[[ INPUT DATA, beginning ]]
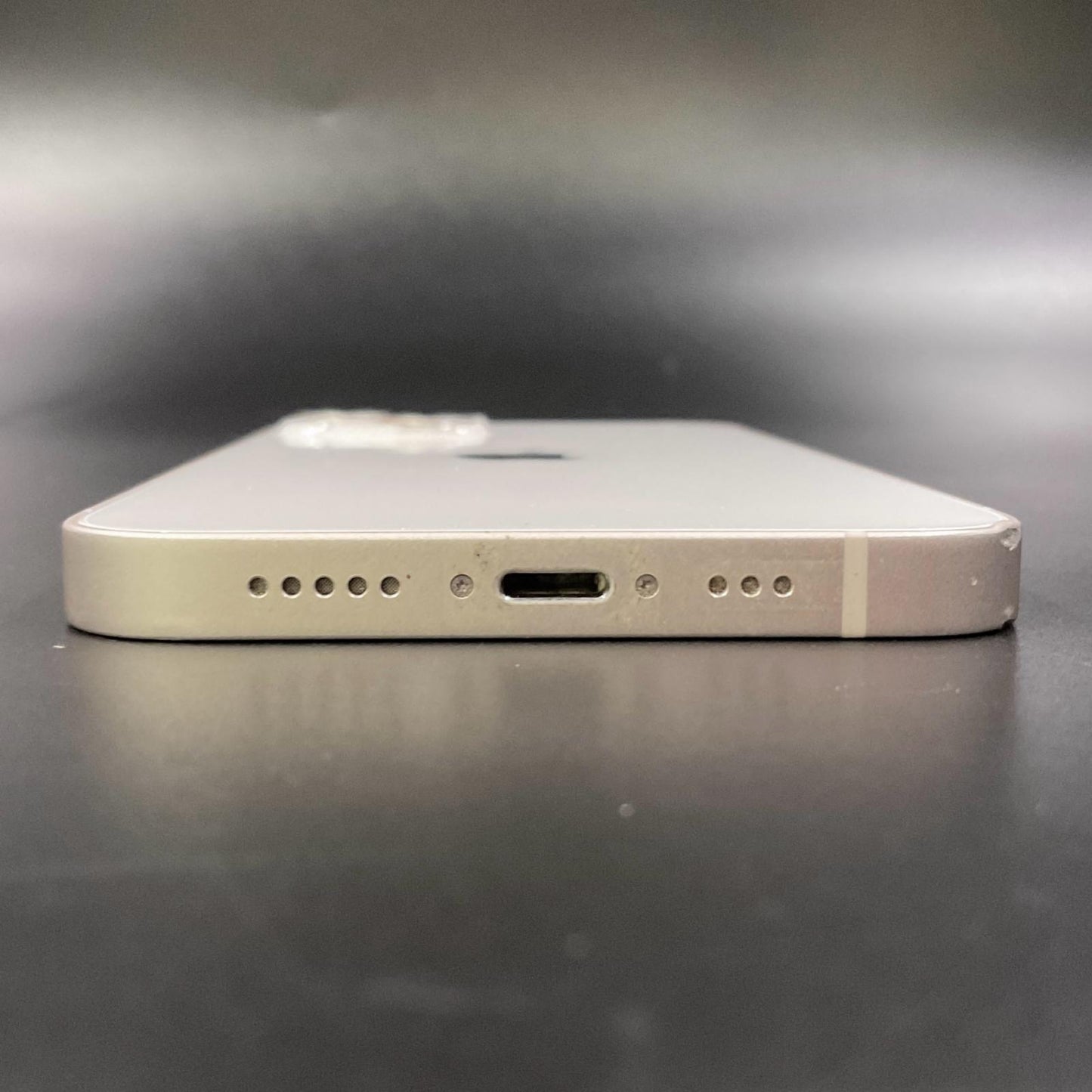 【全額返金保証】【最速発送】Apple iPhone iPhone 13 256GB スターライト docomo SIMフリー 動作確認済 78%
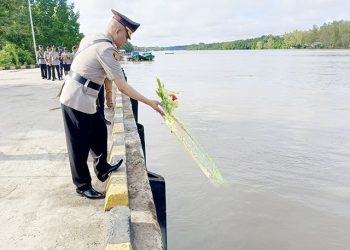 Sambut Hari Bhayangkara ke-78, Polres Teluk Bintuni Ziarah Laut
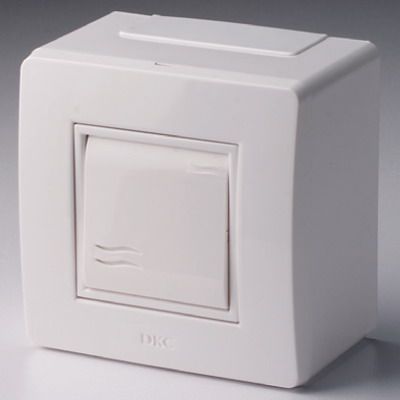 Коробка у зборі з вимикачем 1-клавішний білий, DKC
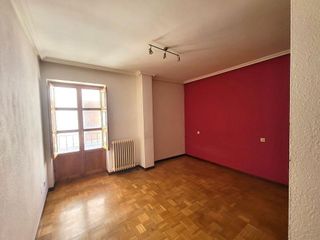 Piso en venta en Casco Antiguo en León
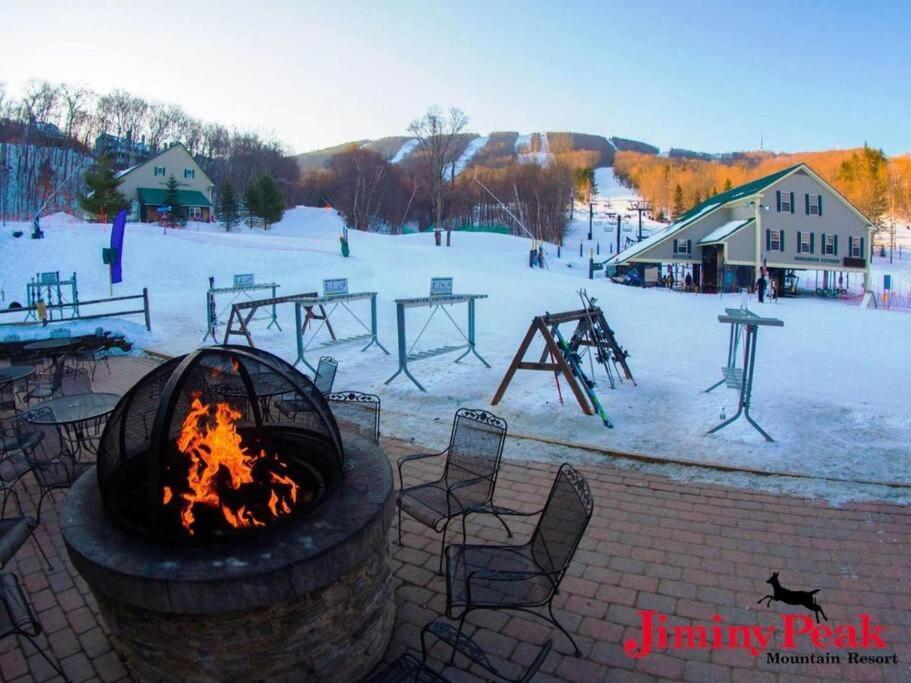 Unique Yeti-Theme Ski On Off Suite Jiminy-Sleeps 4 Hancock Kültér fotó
[[ INPUT DATA, end ]]
[[ INPUT DATA, beginning ]]
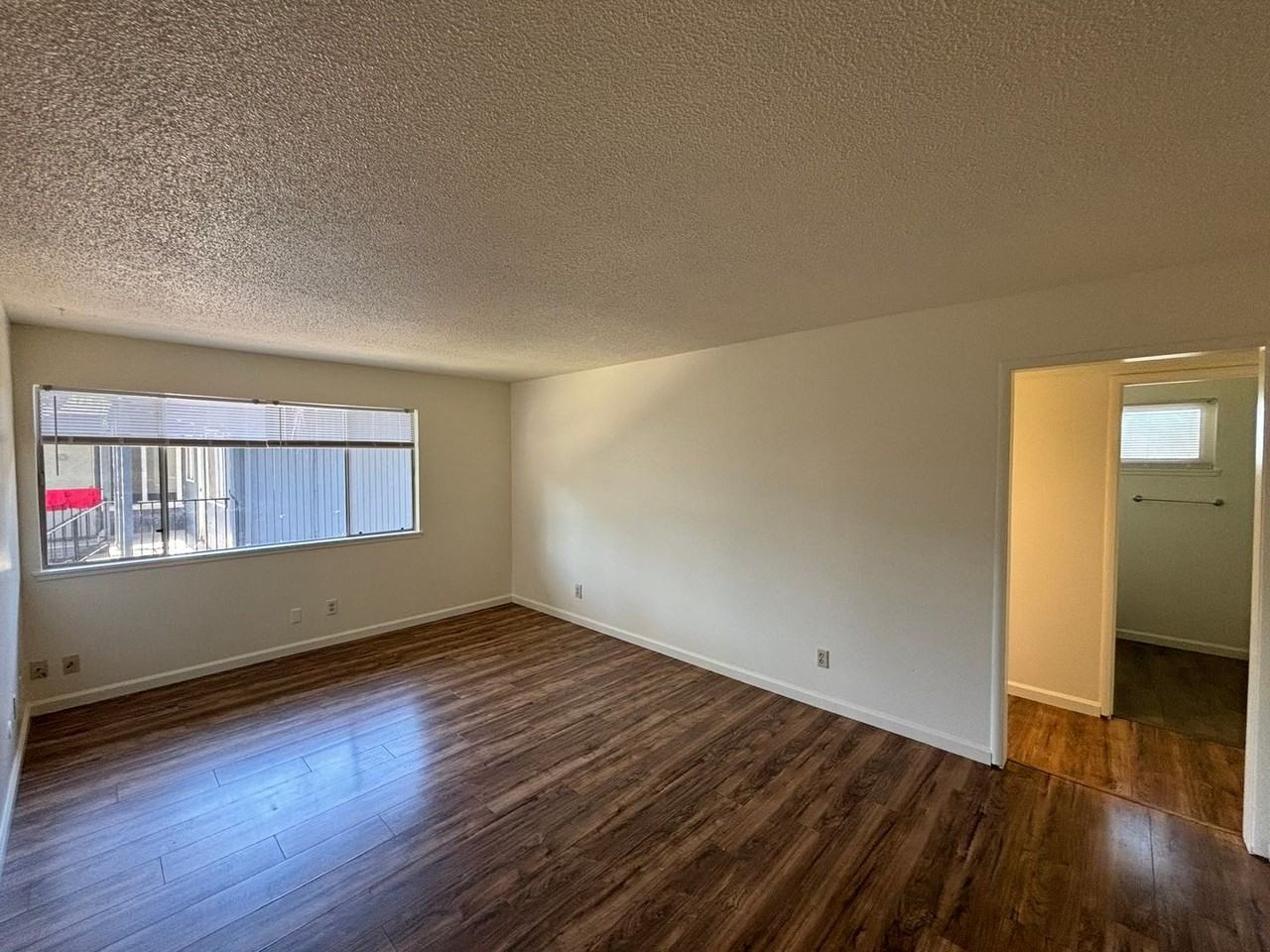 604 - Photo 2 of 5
[[ INPUT DATA, end ]]
[[ INPUT DATA, beginning ]]
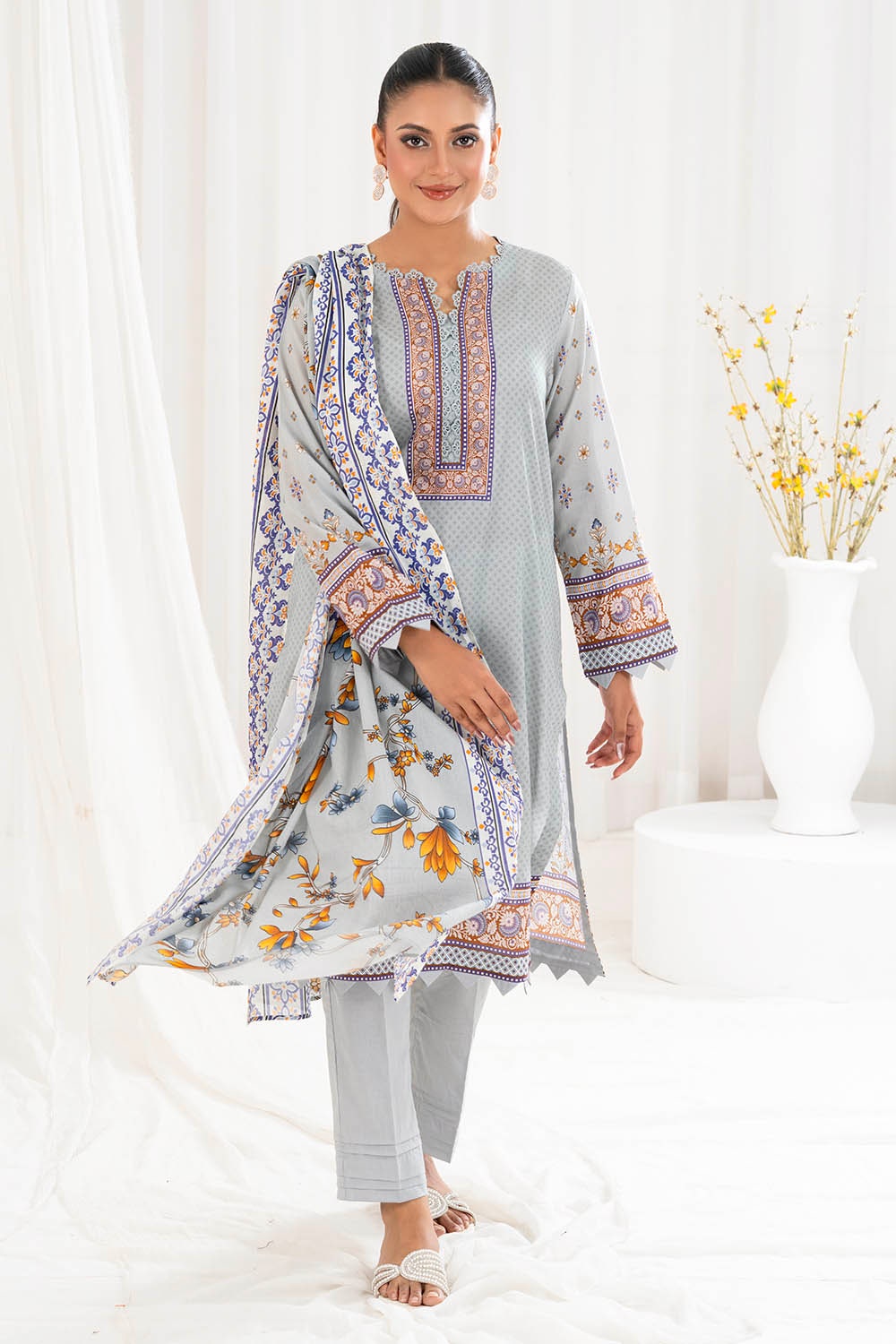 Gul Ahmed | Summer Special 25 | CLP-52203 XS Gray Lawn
[[ INPUT DATA, end ]]
■ WHAT TO DO
No picture is to be printed. Output exactly the lines above from the line containing "Piso en venta en Casco Antiguo en León" through the line containing "Unique Yeti-Theme Ski".

■ YOUR RESPONSE
 Piso en venta en Casco Antiguo en León
 Unique Yeti-Theme Ski On Off Suite Jiminy-Sleeps 4 Hancock Kültér fotó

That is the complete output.